#### Records provided

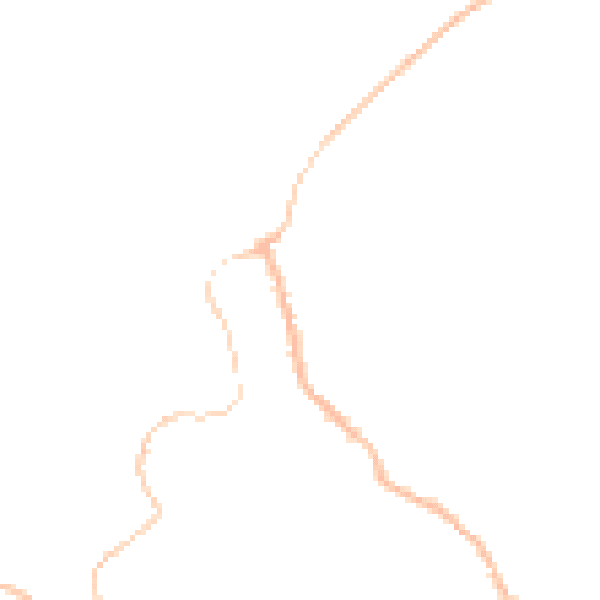 Night-time road noise heatmap for BD22 9JL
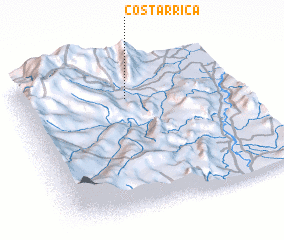 3d view of Costarrica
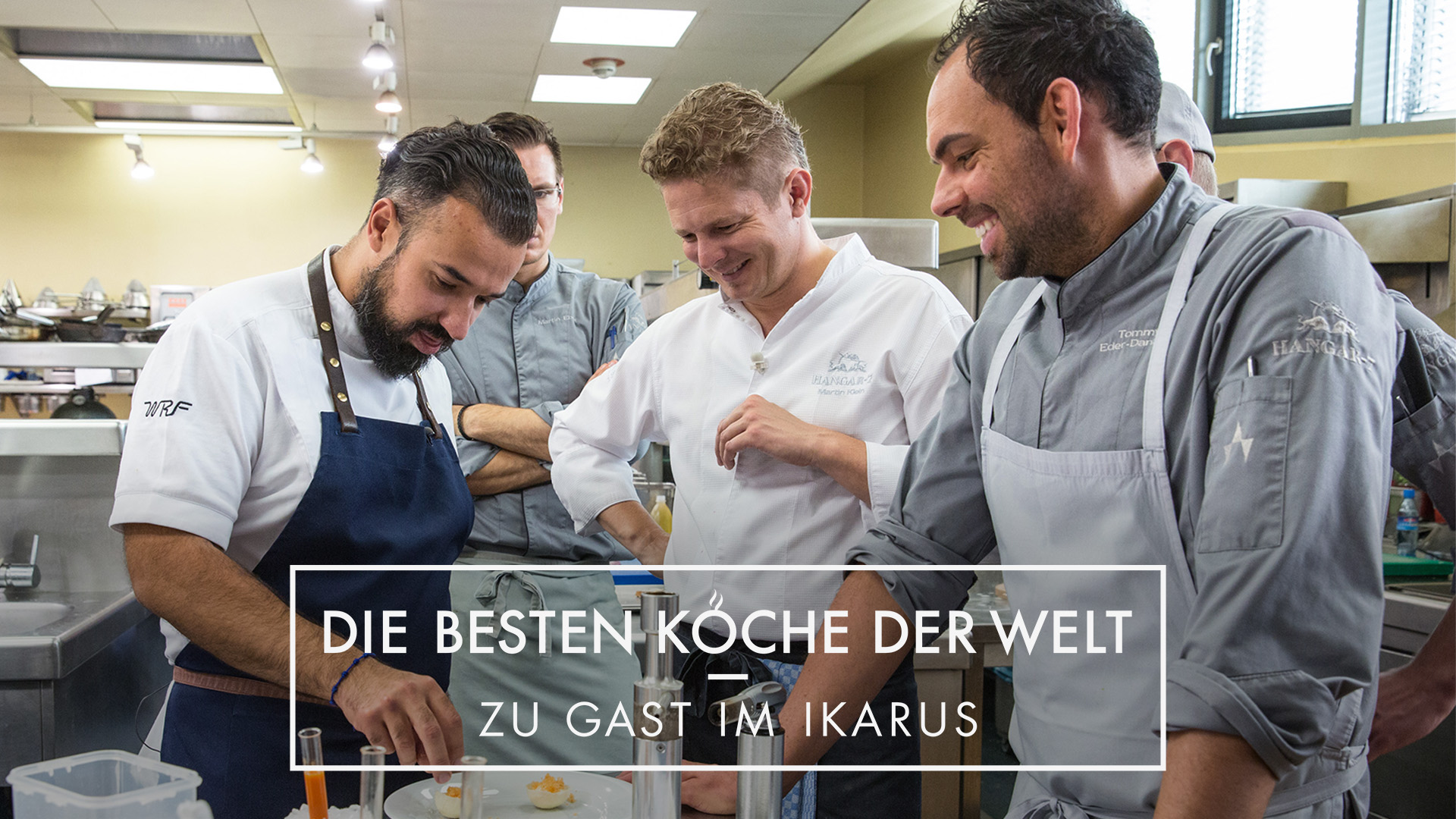 Die besten Köche der Welt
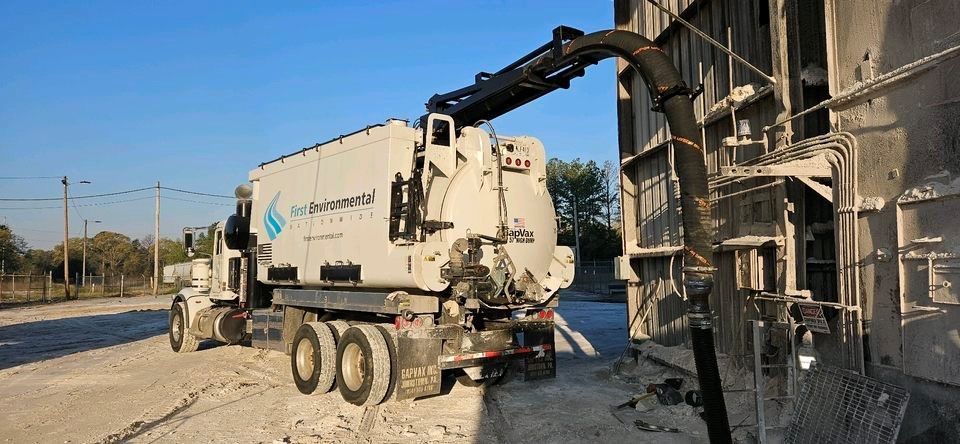A First environmental vac truck 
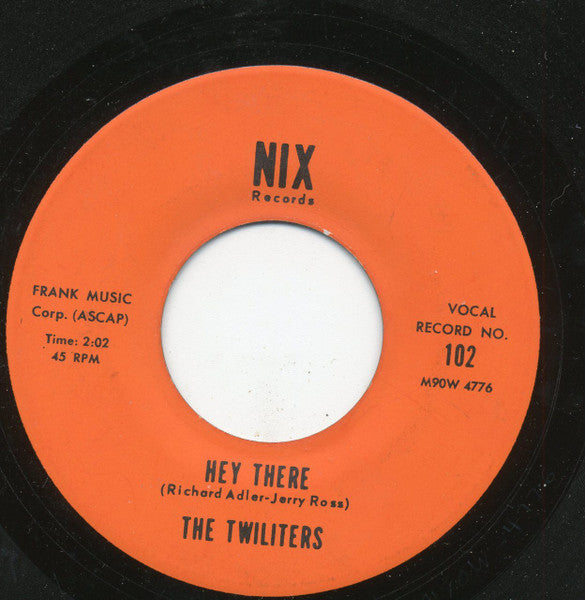 The Twiliters : Caused By You (7", Unofficial)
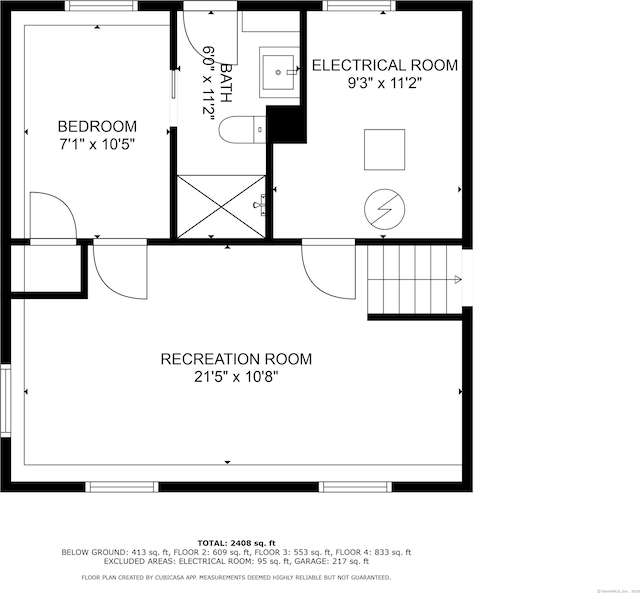 183 Pepperidge Cir, Fairfield, CT 06824 - home floor plan
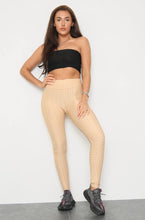 Load image into Gallery viewer, Tilly honeycomb / waffle leggings - choose colour
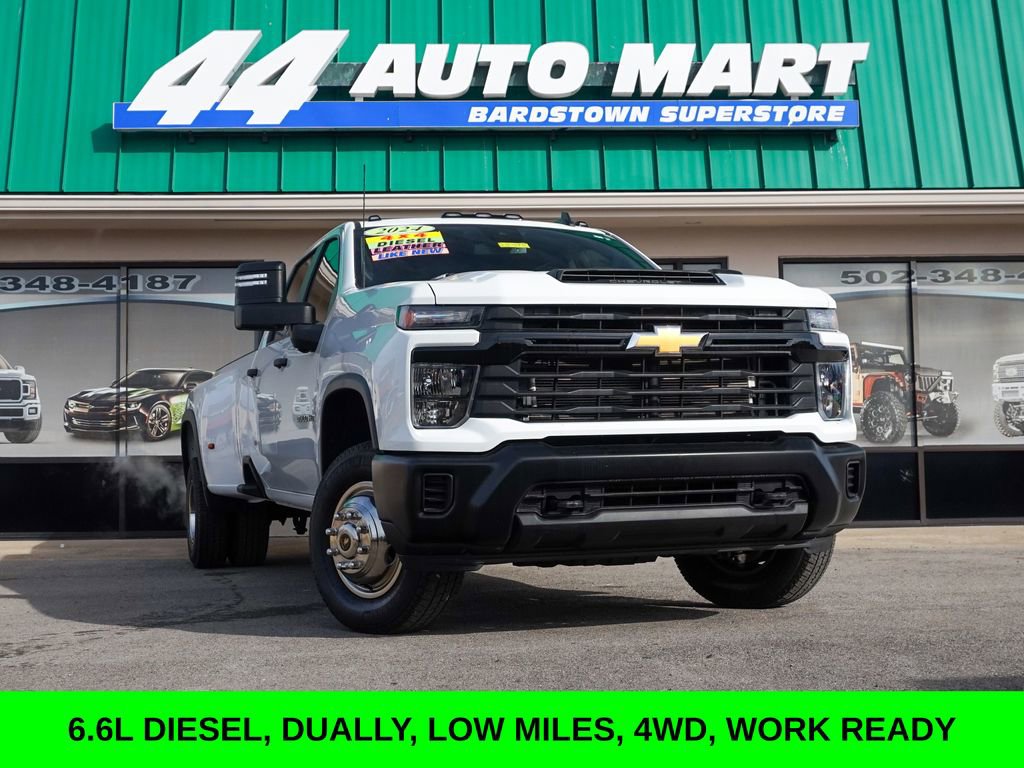 Used 2024 Chevrolet Silverado 3500 W/T video 1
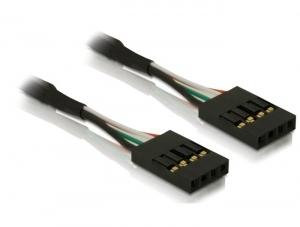 DELOCK USB Pinheader - USB cable - 4 pin MPC (F) - (82426)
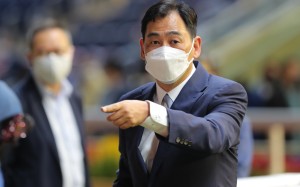 Trainer Michael Chang has two runners at Happy Valley on Sunday. Photo: Kenneth Chan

########

**Exercise brief:** Print, without pictures, exactly the lines from the one containing "3d view of Costarrica" through the final line of the records above.

**Written answer:**
 3d view of Costarrica
 Die besten Köche der Welt
A First environmental vac truck 
 The Twiliters : Caused By You (7", Unofficial)
 183 Pepperidge Cir, Fairfield, CT 06824 - home floor plan
 Load image into Gallery viewer, Tilly honeycomb / waffle leggings - choose colour
 Used 2024 Chevrolet Silverado 3500 W/T video 1
 DELOCK USB Pinheader - USB cable - 4 pin MPC (F) - (82426)
 Trainer Michael Chang has two runners at Happy Valley on Sunday. Photo: Kenneth Chan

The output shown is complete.